Introducing coupling and cohesion
It’s important to get the boundaries between modules in the right place, even though this is often hard and also a controversial area because people can disagree on how far to go and the approach to take. One approach is volatility-based decomposition, which ends up with code split into things like managers, engines, resource access layers etc. At a lower level there is the Roles, Responsibilities and Collaborators approach.
In this article I won’t go into how to draw boundaries in the right place, but instead describe a tool that will help you to check if boundaries are in the right place once you’ve drawn them. The tool is the pair of terms coupling and cohesion. Coupling is about the strength or closeness of the relationship between one module and other modules, and cohesion is about the strength or closeness of the relationships between the things inside one module.
Ideally you want high cohesion within modules and low or loose coupling between modules. If you had low cohesion within a module, that suggests a module is two or more modules that each would have more cohesion, or it’s just a Miscellaneous module where stuff has been dumped that doesn’t seem to belong anywhere else. If you had high coupling between modules, that suggests that they’re really one module.
Note that neither of these statements is always true – I used the word “suggests” on purpose both times. Software is a branch of engineering in that it tries to reconcile competing constraints, and the constraints and the precise balance between them will vary from one system to the next. So I’m wary of Grand Pronouncements about How Things Must Always Be Done. Instead, I find it more useful to build an assorted collection of tools and know which to pick for which job.
The benefits of low coupling and high cohesion
You might, understandably, say: So what? Why do I want one number (coupling) to be small and another number (cohesion) to be big? Why does it matter if the boundaries between modules are drawn in the wrong place?
The first, and to me most important, reason is understandability i.e. a benefit to the humans who work on the system, rather than a benefit directly to the system’s behaviour. I don’t store lots of lines of code in my head – my brain is simply too small to hold more than the few lines I’ve recently seen. Nor do I store lots of individual requirements in my brain – again, there are too many of them. Instead, I store concepts and modules, because they’re important and there are fewer of them.
What if someone asks me a question about how we deal with orders? I know that’s related to the shopping cart module (that creates orders), the order processing module, the account history module (that lists old orders), etc. Depending on the question, I can go to the relevant module and look at its code, its tests and maybe some designs. I don’t expect all the code that touches on a concept to be in one place – it’s OK that there are separate shopping cart, order processing etc. modules. But there are few enough modules, and they each have a strong enough identity (via high cohesion) that I can easily tie them to concepts, that I can have a decent chance of navigating the system while only having space in my brain for a small index of concepts and modules.
Also, when I’m designing or coding a change, there is a risk that I will introduce bugs. If all the code to deal with a concept is in the same module, in my experience that there’s a much lower risk that I will miss or forget things. If order processing is covered by modules A, B and C and I want to change order processing in some way I might change module B and forget to even check A and C let alone change them.

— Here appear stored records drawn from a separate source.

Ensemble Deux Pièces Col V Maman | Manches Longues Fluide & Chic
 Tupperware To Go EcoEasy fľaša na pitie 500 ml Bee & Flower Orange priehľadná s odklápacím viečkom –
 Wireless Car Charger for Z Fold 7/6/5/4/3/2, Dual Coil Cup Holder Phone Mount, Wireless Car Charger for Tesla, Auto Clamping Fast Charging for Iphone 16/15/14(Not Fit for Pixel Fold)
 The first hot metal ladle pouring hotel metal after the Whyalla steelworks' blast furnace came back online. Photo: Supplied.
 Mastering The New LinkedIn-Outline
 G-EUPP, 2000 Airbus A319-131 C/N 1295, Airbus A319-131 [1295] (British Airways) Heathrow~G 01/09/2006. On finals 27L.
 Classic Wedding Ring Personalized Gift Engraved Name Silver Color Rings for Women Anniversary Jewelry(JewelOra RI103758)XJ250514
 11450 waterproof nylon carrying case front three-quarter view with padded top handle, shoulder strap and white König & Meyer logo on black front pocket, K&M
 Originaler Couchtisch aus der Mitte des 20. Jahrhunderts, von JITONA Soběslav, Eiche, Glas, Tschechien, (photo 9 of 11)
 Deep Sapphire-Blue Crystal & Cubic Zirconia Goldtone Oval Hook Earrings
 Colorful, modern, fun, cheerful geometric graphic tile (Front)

Another way to reduce the risk of introducing bugs is to reduce the blast radius of a change. If two modules have high coupling, it’s likely that if I change one of them I will have to change the other one in sync. With a more arms-length or low coupling relationship between the modules, it’s more likely that a change will be absorbed by only one of them.
A dumping ground or low cohesion module can be a prime candidate for churn. By that I mean lots of code changes by lots of people, often at the same time. This churn can introduce its own risks or inconveniences, such as merge conflicts in version control systems like Git. However, a dumping ground can help avoid two other problems. One problem is a blizzard of tiny modules that each have hardly any contents. The other is modules that have outliers that bring down the cohesion for what would otherwise have high cohesion. You need to balance the costs and benefits of these for your context.
The relationship between code structure and organisation structure is another important area that has been thought about for a long time – see e.g. Conway’s law. Even though it’s important, I think it’s outside the scope of this article.
I realise that I’m now about to try to explain a pair of abstract concepts via some hand-wavy analogies using a different field, but I hope that it’s nonetheless helpful.
The analogy I’ll use is clustering points on a 2d graph. For this you will have to imagine that each unit of code, e.g. each method, is represented by a dot in 2d space. It doesn’t really matter what these dimensions represent; they’re more to show how related two methods are. The closer two dots are in 2d space, the more closely related they are. I’m not drawing lines between dots because I think they would make it much less clear, but will instead draw boxes around dots to show cluster / module boundaries and also will colour points in a way that I hope is helpful.
If you’re interested how you might get code do this clustering for dots that represent real data, where the dots might be in multi-dimensional space rather than just 2d space, please refer to my article on k-means clustering. I won’t go into the details of k means clustering here, but a useful aspect of it for this article is that you end up with a figure for each cluster (module in this case) that relates to the average distance between members of that cluster, which is the analogue of cohesion. In case they’re useful, there are diagrams in another article that illustrate don’t repeat yourself (DRY) and the single responsibility principle (SRP).
A good state
I’ll start with a system with high cohesion and low coupling.
In this example, the dots inside each module are close to each other; this represents high cohesion. Each member of each module belongs there, because it has lots to do with the other members of its module. There is white space between each module and its neighbours; this represents loose coupling. There are no dots outside a module that have a lot to do with dots inside the module.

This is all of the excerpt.